Dan Rutherford expanded on this, showing that robust proposals were rejected by delegates, with no good reason why.
“Civil society, led by the Clean Shipping Coalition and Pacific Environment, had a pretty robust proposal to guaranteed compliance, enforcement, and emissions reductions without revoking a ship’s license to sail. That didn’t make it into the compromise proposal.
Our (ICCT’s) research points to three ways that the modest benefits of the EEXI could be improved:
- Evaluating closer to real-world operating conditions;
- Implementing ASAP and tightening over time, and
- Closely monitoring engine power limit overrides.
The first and last of these could still be adopted as part of future IMO guidelines.”
What now?
With time running out for the planet to avoid irreversible climate change, drastic action is needed.
Dan Rutherford raise the prospect of a more regional approach.
“We expect regional efforts to cut emissions from ships to ramp up, as we’re seeing in the EU. Also, this week the US Congress introduced a bill for a US Emissions Program, which is the first step towards a carbon tax on shipping, and incentives for slow steaming.”
Commenting on the proposed US emissions monitoring system for maritime news site, Splash247, Dan Hubbell of Ocean Conservancy’s shipping emissions campaign said, “As a major source of greenhouse gas emissions—on par with a G7 country—shipping often falls in the blind spot of ocean-based climate change solutions. We’re encouraged to see the Ocean-Based Climate Solutions Act introduce a monitoring, reporting and verification system that lays the foundation for real climate action on shipping by the United States, which could be pivotal to the development of green ports and zero carbon shipping.”
Such a regional grouping would give more states a greater stake in managing their oceans. Aside from Liberia as a ‘big three’ flag of convenience, there could be an opportunity for African states to develop much more robust protections around the African continent’s coastline, than is currently in place under the IMO framework.
Final meeting of IMO in November
The final IMO meeting to set these rules will take place in November 16-20. Given what is riding on these outcomes, there will be a lot of scrutiny on the individual positions of various delegates relative to what their leaders have said on the climate crisis.

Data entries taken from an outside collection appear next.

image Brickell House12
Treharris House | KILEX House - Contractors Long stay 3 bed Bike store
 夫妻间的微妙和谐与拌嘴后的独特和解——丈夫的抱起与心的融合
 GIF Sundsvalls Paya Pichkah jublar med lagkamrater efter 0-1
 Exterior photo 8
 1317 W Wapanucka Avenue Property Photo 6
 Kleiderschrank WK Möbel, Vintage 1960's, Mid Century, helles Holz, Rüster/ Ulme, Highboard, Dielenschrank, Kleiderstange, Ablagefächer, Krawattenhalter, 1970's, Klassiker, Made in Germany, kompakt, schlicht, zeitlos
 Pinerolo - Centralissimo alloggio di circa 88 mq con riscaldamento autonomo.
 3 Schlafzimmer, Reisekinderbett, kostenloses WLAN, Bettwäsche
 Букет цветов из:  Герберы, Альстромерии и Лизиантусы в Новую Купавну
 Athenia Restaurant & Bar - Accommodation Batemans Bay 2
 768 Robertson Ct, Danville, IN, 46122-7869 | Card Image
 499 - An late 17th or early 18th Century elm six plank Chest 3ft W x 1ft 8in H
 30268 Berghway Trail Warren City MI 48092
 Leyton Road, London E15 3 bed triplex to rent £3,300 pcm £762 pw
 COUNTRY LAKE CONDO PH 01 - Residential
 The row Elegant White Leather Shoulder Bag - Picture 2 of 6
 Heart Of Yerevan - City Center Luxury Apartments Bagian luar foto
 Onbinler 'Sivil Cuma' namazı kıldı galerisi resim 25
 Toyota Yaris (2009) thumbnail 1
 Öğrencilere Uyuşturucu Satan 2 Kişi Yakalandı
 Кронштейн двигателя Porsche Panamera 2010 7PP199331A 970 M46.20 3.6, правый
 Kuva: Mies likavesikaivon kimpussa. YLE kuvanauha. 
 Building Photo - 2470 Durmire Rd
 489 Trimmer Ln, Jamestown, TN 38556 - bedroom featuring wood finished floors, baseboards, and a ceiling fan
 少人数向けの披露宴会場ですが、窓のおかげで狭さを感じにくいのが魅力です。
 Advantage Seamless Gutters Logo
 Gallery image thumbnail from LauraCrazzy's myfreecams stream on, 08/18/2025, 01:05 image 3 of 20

Madeline Rose was firm in her resolve to see change in global shipping. “Clean shipping campaigners will always work in good faith at the International Maritime Organization, out of respect for what is indeed and inherently global sector.
But in the face of the climate emergency, we will campaign aggressively for emissions controls in ports and in national and regional waters to ensure the shipping sector does its part to save people, our ocean, and our planet from destruction by fossil fuel pollution.”
The shipping industry appear to have been causing a lot of emergencies around the world recently – oil spills in Russia and Mauritius, near miss oil spills and exploding ships off the coast of Sri Lanka and Venezuela, seafarer humanitarian crises around the world, political risk across Beirut, the Red Sea and Trinidad, ship safety issues leading to the loss of 40 crew in the Gulf Livestock 1 cattle ship off the coast of Japan. It is clearly an industry that has gone rogue, with a regulator too weak to even recognize when it is out of its depth. And yet, this is the industry the global economy relies on to transport 90% of our goods.
Will 2020 be the year that G20 leaders finally decide to intervene and prevent the shipping industry from causing additional risk to the global political, economic and environmental system?
The current patchwork approach is clearly not working.